Short text fragments from websites
+++
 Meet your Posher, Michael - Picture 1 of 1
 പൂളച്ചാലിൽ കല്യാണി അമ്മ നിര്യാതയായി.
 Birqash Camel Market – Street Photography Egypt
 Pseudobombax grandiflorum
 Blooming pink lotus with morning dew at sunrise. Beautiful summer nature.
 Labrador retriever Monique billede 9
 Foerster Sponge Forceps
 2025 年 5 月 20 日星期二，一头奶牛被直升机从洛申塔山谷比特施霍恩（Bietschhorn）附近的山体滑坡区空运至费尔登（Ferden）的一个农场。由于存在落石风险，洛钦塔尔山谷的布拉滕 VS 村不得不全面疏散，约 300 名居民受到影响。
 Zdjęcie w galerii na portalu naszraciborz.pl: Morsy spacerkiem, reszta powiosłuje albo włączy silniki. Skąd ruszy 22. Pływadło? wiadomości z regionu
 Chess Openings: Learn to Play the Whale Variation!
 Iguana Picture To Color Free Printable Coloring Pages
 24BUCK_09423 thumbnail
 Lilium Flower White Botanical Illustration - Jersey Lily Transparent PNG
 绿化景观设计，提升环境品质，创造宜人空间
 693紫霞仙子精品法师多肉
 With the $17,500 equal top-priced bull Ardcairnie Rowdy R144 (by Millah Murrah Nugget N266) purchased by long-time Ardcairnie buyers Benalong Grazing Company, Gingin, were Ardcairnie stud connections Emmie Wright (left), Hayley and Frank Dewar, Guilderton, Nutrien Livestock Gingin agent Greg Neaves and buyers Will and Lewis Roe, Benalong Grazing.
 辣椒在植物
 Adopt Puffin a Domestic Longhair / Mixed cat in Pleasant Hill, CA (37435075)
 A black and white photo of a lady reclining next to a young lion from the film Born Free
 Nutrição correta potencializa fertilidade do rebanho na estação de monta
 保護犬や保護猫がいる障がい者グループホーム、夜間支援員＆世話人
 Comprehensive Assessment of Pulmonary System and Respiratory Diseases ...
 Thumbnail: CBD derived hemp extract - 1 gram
+++
What is being asked — Only lines with the word "Free" are wanted, so copy each one from the records.

Solution for this exercise —
 Iguana Picture To Color Free Printable Coloring Pages
 A black and white photo of a lady reclining next to a young lion from the film Born Free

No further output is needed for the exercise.